Economics is a practical interpretation of your philosophy of life. You may need to pause a moment to recognize how what makes you feel secure in life relates to your philosophy of life. You should note contradictions because this suggests you are not self-aware regarding your behavior.

As an example, a person who says “My philosophy is what’s best for everyone” but advocates capitalist priorities does not have a matching philosophy of life and economics. From the other end, a person who believes in communistic economics may be ignorant of their contradiction having a philosophy that advocates ‘every man for himself’. Another way of putting it is, “What should I share with the world?”

If you have not given thought to the relationship in your life between ethics and economics, you may be surprised that you have some reconciliation to do.

PHYSICALITY

It is obvious that the body requires continuous attention and further, is a component affected by your philosophy of life. Medical studies indicate that ignoring the health and physical capacity of the body undercuts the ambition to fulfill any philosophy of life, whichever it may be. In other words, your desire to sustain your philosophy of life requires a body to match. If your philosophy is ‘what’s best for everybody’, your desire to participate in that philosophy requires energy, positive attitude and other energies that require a healthy and energetic body. There are disabling influences at every turn from television to soft recliners to petty prejudices. Another way of putting it is, “How do I pull my weight in the world?”

֎ So that is the self-examination. Does your behavior, habits, commitments, and finances match your philosophy of life? Whichever philosophy you choose isn’t the point – it’s a matter of your lifestyle matching that philosophy.

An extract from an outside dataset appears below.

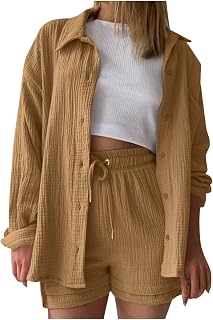 Conjunto de pijama de neopreno para mujer, de manga larga, plisado, de cintura alta, con cordón, talla grande, a la moda, para el tiempo libre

In retrospect, there may be some readers who would say the examination is upside down, that it is a person’s personal attributes that define their philosophy of life. This suggestion reflects a legitimate approach to problem solving; mariner often has referred to ‘what’ versus ‘why’ problem solving. This examination requires a general declaration first to assure continuity and expose contradictions in life that make life more awkward. One significant example will show the importance of stating a philosophy of life first:

There are many who consider themselves Christians but in terms of behavior are not. The New Testament sets a standard of behavior (philosophy) that must be practiced. There are many ways to ignore or abuse the New Testament and still pretend one is a Christian. In practice, one has fooled themselves into thinking they are a person they are not. By answering the question ‘what do I owe the world’ first, it will be easier to discover discordant practices.

The objective of this examination is to iron out wrinkles and discover who one really is. Answering the question “What do I owe the world?” first provides a ruler or standard that may require an adjustment in behavior. Conversely, one may have to go back and declare a different philosophy that encompasses a different way of measuring behavior.